Он действительно был там, этот сказочный, этот пряничный насмешливый дом: одинокая выбеленная коробка о двух этажах да с пустыми черными точками снятых окон стояла на облысевшем пригорке, в окружении четырех лохматых синих елок, двух юных мертвых дубков с подтянутыми кверху ветками и еще двух черных-черных стволов, опершихся половиной поломанного веса на потрескивающие стуженым кирпичом стены.
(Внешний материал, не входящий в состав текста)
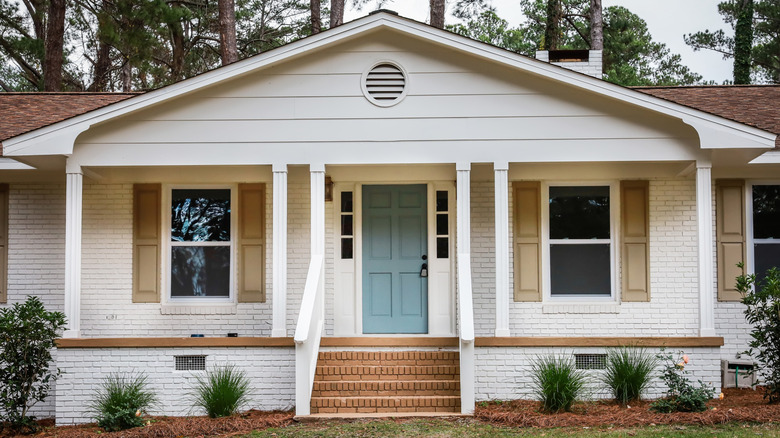 white ranch home with landscaping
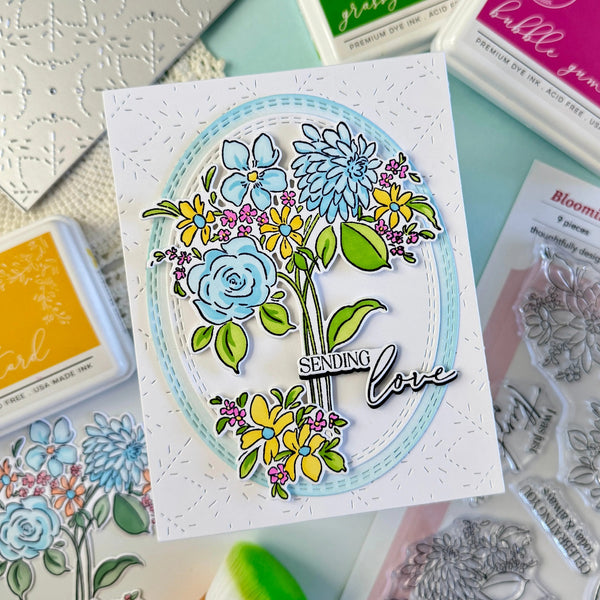 Card with floral design and 'Sending love' text, surrounded by stamping tools on a light blue background.
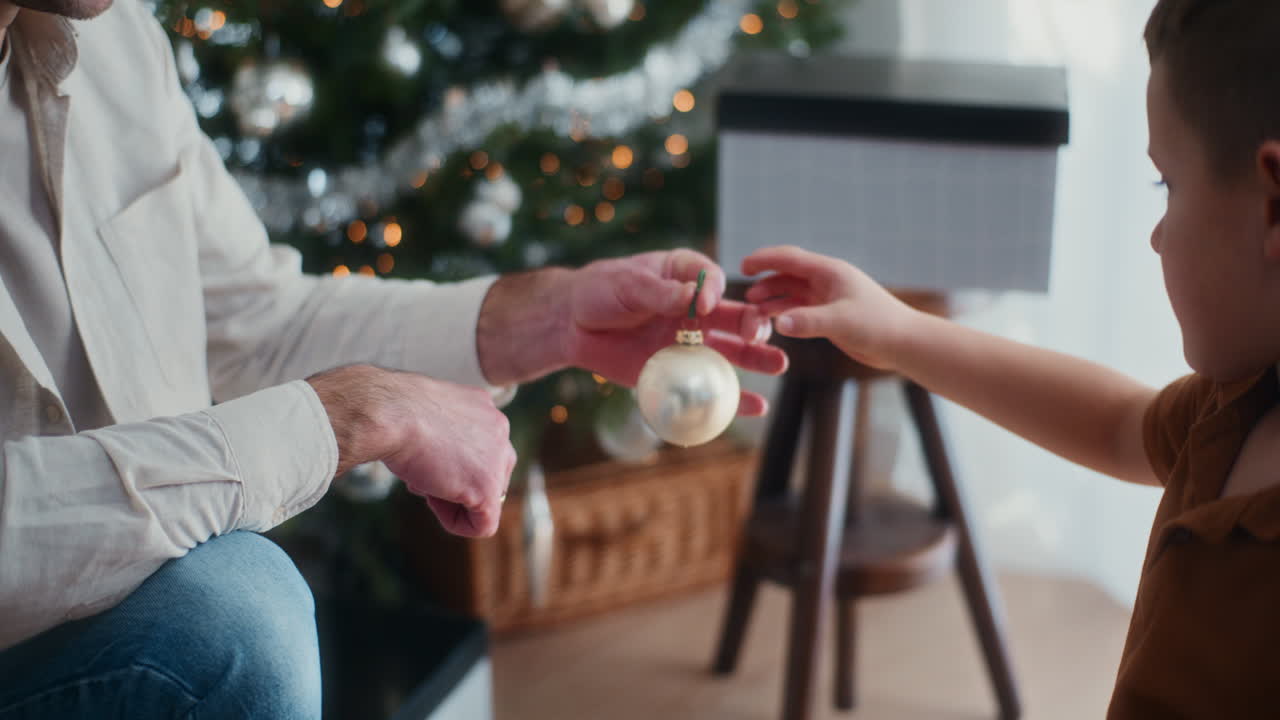 el niño le da a su padre una joya de navidad de vidrio y decoran el árbol de navidad.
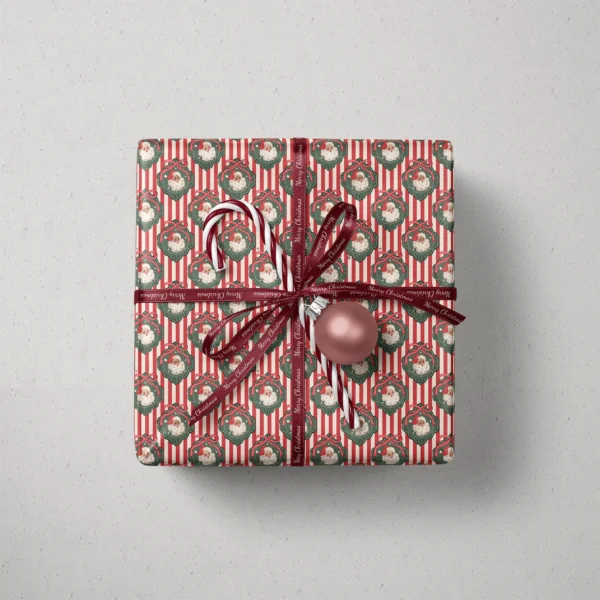 Top view of a gift in vintage Santa red stripe paper with a ribbon, candy canes and a bauble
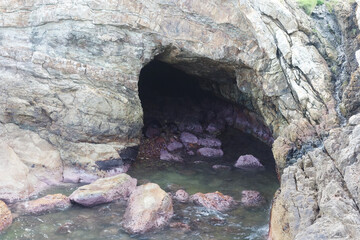 sea cave and rocks on coastline of beach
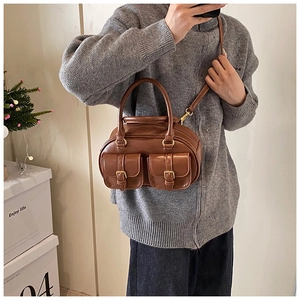 Brown vintage bowling handbag with gold buckle pockets worn as a stylish crossbody bag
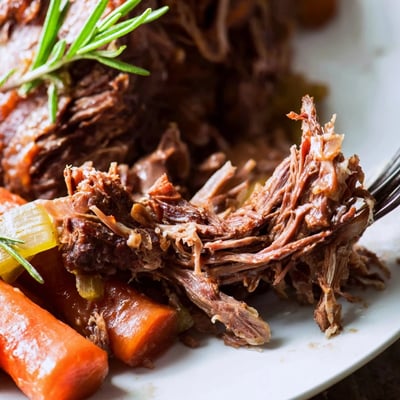 Close-up of Slow Cooked Beef Shank with Rosemary and Thyme served over creamy mashed potatoes.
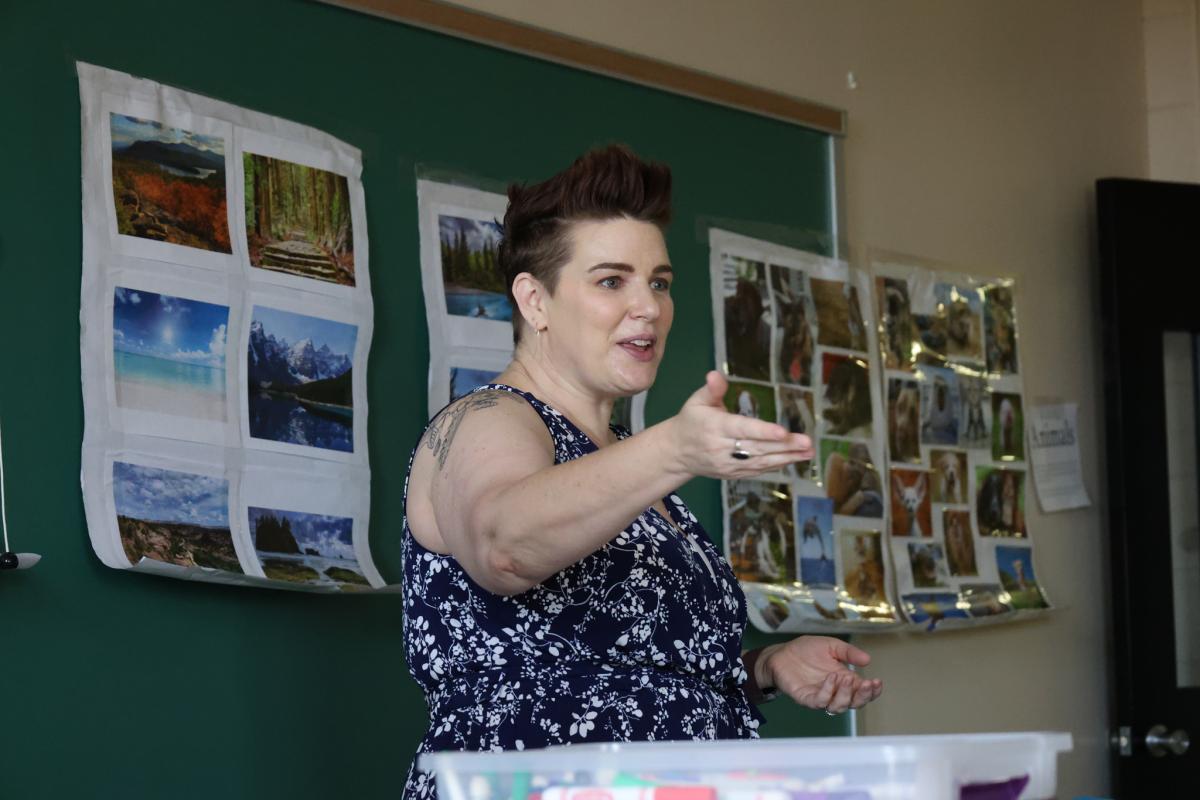 A professor presenting in front of a classroom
Дом был давно покинут всеми, кто в нем когда-либо жил. Дом имел при себе никогда, наверное, не работавший — водой ведь поблизости даже не пахло — мельничий жернов, две алых сенных трубы и груду разваленных вокруг запорошенных строительных блоков, и ничем иным, кроме черных взглядов таких же черных глазниц, не отличался, не примечался, оставаясь лишь смотреть и смотреть вослед, покуда где-то там, в его подвалах, била копытами и стенала голосами задушенных юношей Пиковая Кобыла, крушащая ногами чью-то страшную цельную ванну, пригодную для кровоиспускания, не для мытья…
Мир, пока они отсутствовали в нем, осы́пался грудой нежданного снега, и теперь тот, заполонив пегие некогда поля, слив в единый цвет небеса и землю, стерев все лишние краски и напустив на пустоши шевелящиеся злые туманы, скрипел под подошвами, взметался под торопливой поступью и лип на штанины, осыпаясь обратно снегом мокрым, тяжелым и красным, и Юа, уводимый за руку Микелем, еще долго оглядывался, еще долго проклинал соколиное зрение да древесную память, все еще видя, все еще помня крохотный коробок чертового выбеленного домишки, стоящего на таком же выбеленном холме, у самого подножия которого, перекошенные и смятые, потерянно болтались в пустоте две вырезанные железные створки на сорванном медном замке.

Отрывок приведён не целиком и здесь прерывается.